May I suggest on post #19 to change the wording on your drawn schematic, so say or convey *"complete"* wiring diagram (or something like that), instead of the currently worded "proposed". It gives one the impression that the diagram is an incomplete work, leaving one waiting for the final solution. The little things make all the difference my friend. Not trying to be nit-picky and such. Guess I'm one that wants to be sure on things. 

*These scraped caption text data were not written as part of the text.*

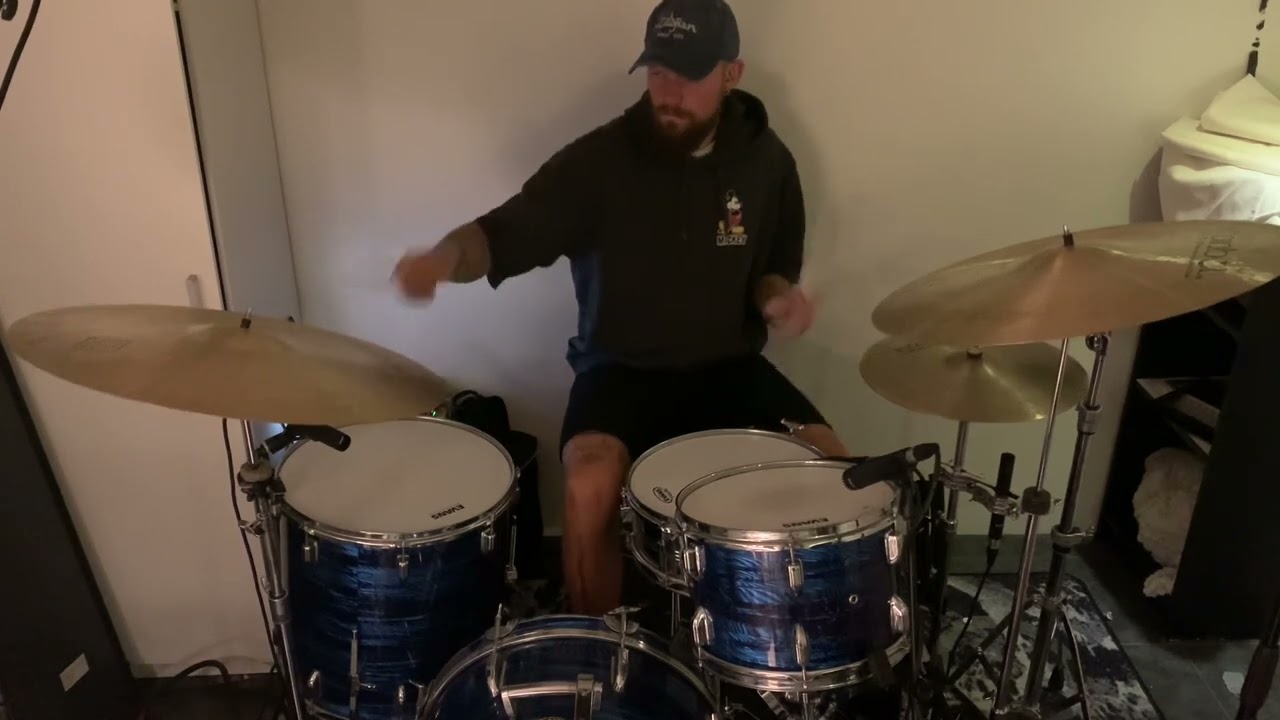 Tower of power - soul with a capital ‘S’  drum jam/cover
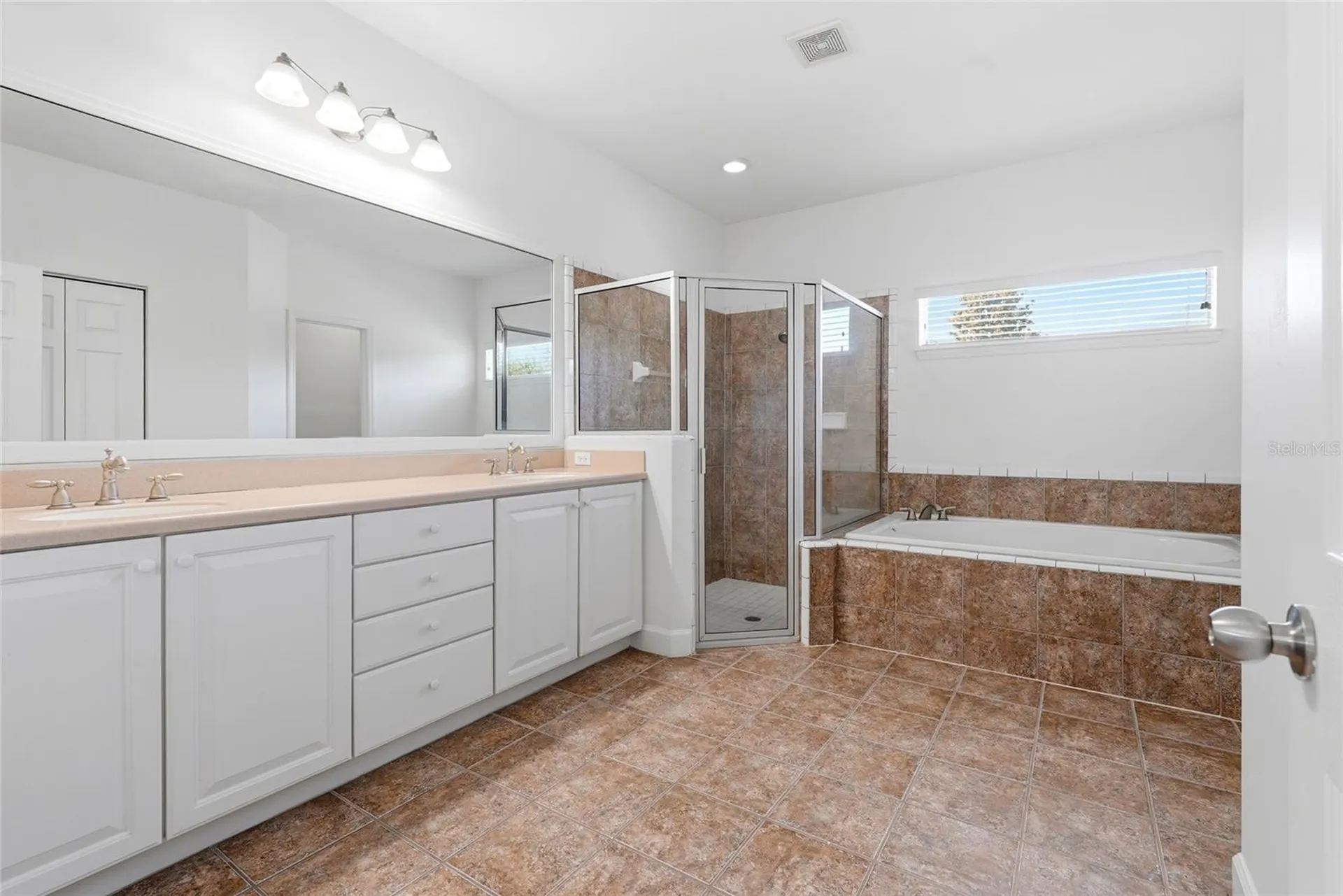 8693 SW 76th Place Gainesville FL 32608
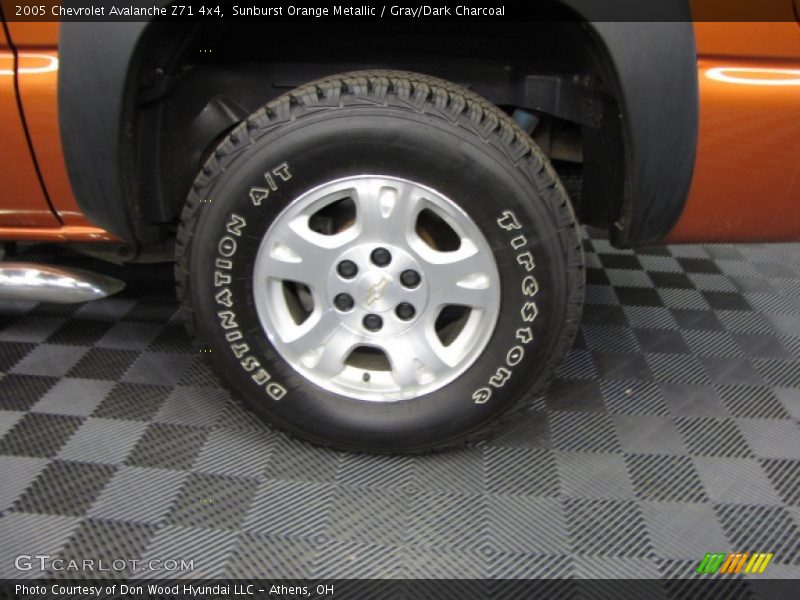 Sunburst Orange Metallic / Gray/Dark Charcoal 2005 Chevrolet Avalanche Z71 4x4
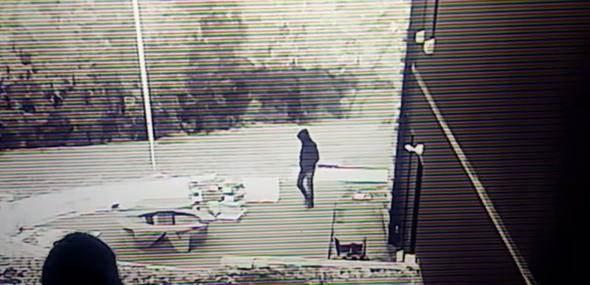 <p>G&uuml;venlik kamerasında sağa sola y&uuml;r&uuml;yen adam ilk başta hi&ccedil; dikkat &ccedil;ekmiyor.</p>

<p>&nbsp;</p>
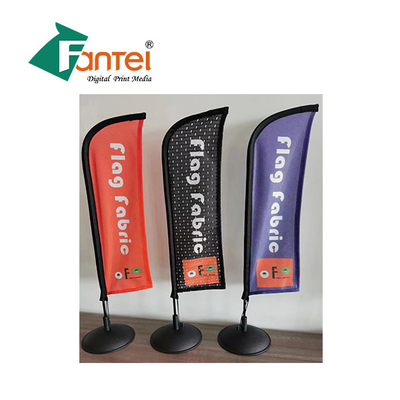 Afdrukken van netbanners die worden gebruikt voor vlaggen of decoratie of bordtekens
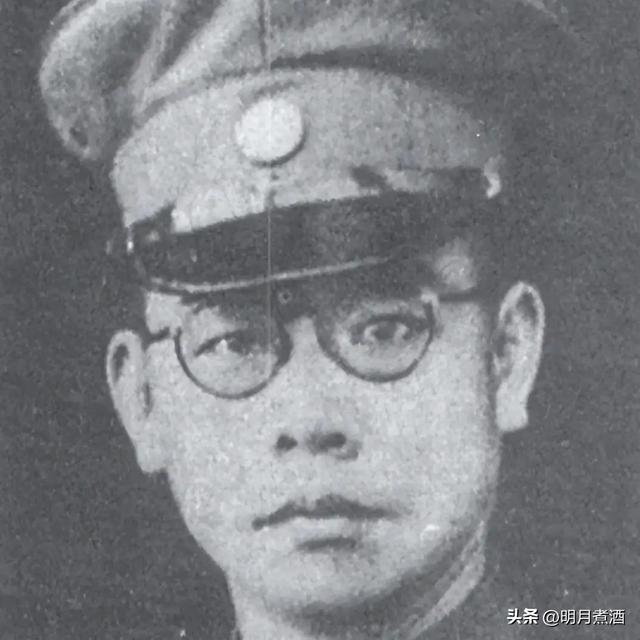 他的墓前，有了一座花墙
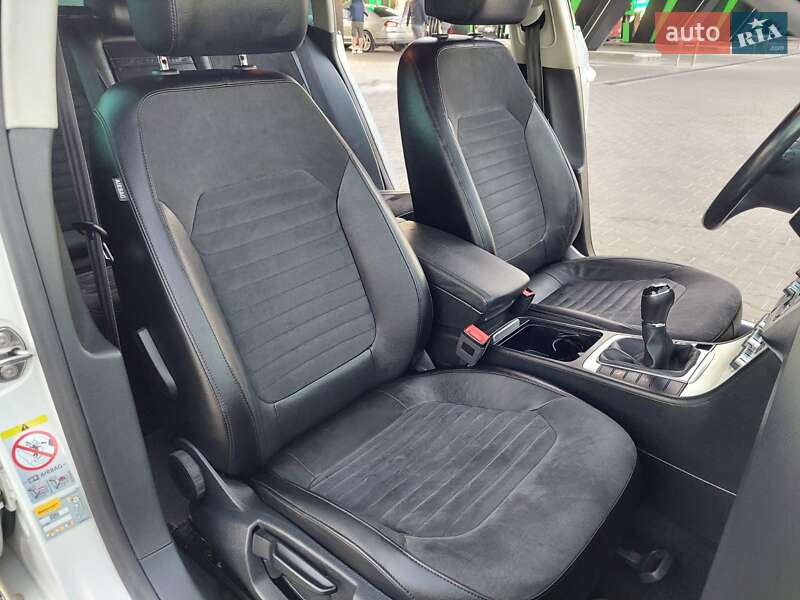 Универсал Volkswagen Passat 2013 в Одессе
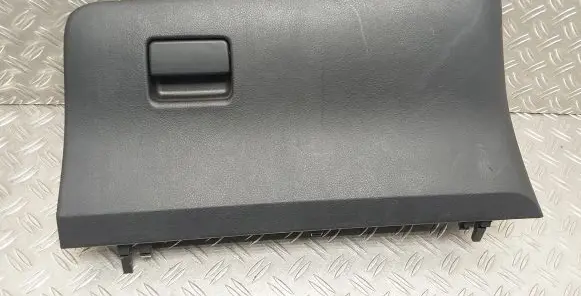 Toyota Yaris Glove box 555500D151 555500D171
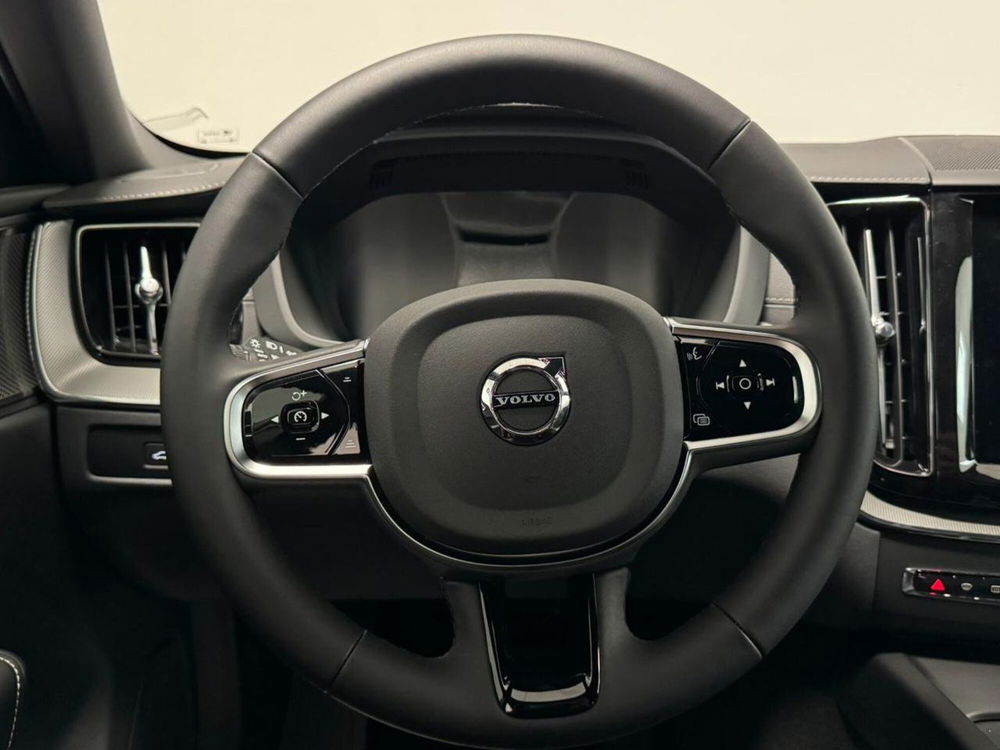 Volvo XC60 nuova a Como (11)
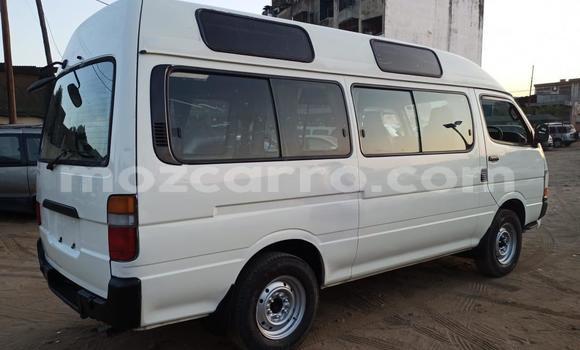 Comprar Novo Toyota Hiace Branco Carro em Maputo em Maputo Comprar Novo Toyota Hiace Branco Carro em Maputo em Maputo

And again, mad mad props for such a great DIY write-up. I'm almost done with this project and couldn't have done it without you. If ever I get to meet you, BBQ lunch is on me!


----------



## scarabY2k (Feb 27, 2007)

The part circled is the shifter bracket, correct? But where is it located?
Sorry for the dumb question.... I got the parts in dribs and drabs and don't have this part. Just need to know where to find it.
Thanks.


----------



## nosborn94 (Feb 7, 2010)

scarabY2k said:


> May I suggest on post #19 to change the wording on your drawn schematic, so say or convey *"complete"* wiring diagram (or something like that), instead of the currently worded "proposed". It gives one the impression that the diagram is an incomplete work, leaving one waiting for the final solution. The little things make all the difference my friend. Not trying to be nit-picky and such. Guess I'm one that wants to be sure on things.
> 
> And again, mad mad props for such a great DIY write-up. I'm almost done with this project and couldn't have done it without you. If ever I get to meet you, BBQ lunch is on me!


Glad it could help. I bummed off everyone elses threads too when I did mine. There wasn't actually another thorough thread for the 2.0 at the time. Plenty on the 1.8 so I used that as reference and had to figure out a lot myself and from many others who helped online. I did like 2-3 months of research before starting.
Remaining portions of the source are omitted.